While searching through my phone for photos from a specific time, I came across these pictures from January 2020, right before the world shut like a door. I was in Florida teaching a weeklong workshop at a poetry festival, and that week my poem “Bride” was published in The New Yorker. No real spoilers here, but if you’ve read You Could Make This Place Beautiful, this is the experience I describe at the end of the book.
On that day I stopped at the news shop, picked up two copies of the New Yorker, and carried them down to the beach in my tote bag. I sat down on a bench, pulled off my boots and socks, then walked barefoot across the sand to the slap and fizz of the waves breaking.
I sat down in a lounge chair and opened the magazine to my poem, the thin pages flapping in the wind.
I stopped at the drawbridge that lifted so the boats could go under. The whole street lifted up right in front of me. Nothing seemed impossible anymore. Everything was possible.
I love the little toddler sound in the video when the street lifts up like magic. I think there was a woman with a child in a stroller beside me.

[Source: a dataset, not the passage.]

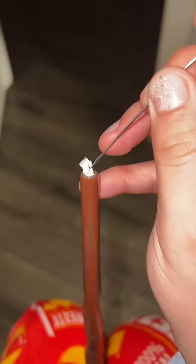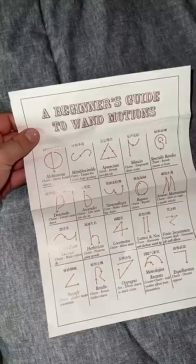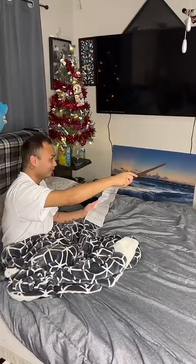I'm so excited! It came with a beginner's guide. Which spell do you want to do? Do you know which one you're gonna choose? I think so — Wingardium Leviosa!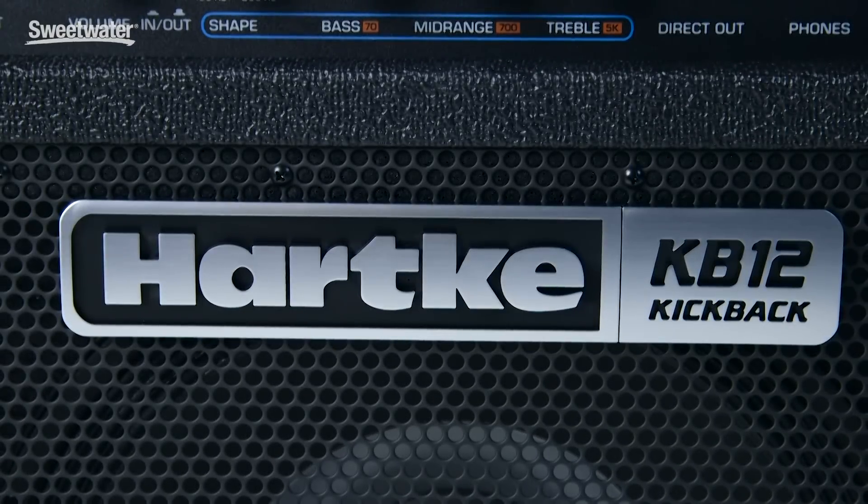I'm Victor Wooten and today we're talking about the Hartke KB-12 Kickback. This is a kickin' amp and it's also a kickback amp — this thing tilts back so you can get the sound to point up. It's an incredible amp. Check it out.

It had been a grueling couple of years for me, but that day everything felt possible. So much feels wrong right now—many of us are struggling, and the country and state where I live are taking us back in time in terrifying ways. I have to remind myself of this: So much is still possible. This place could be beautiful, right?
Take good care out there.
Love,
Maggie
This is lovely. Your posts, your poetry, your books, and your playlists have meant so much to me over the last few months as I have been navigating the end of my 30-year marriage and the start of a new life. Thank you.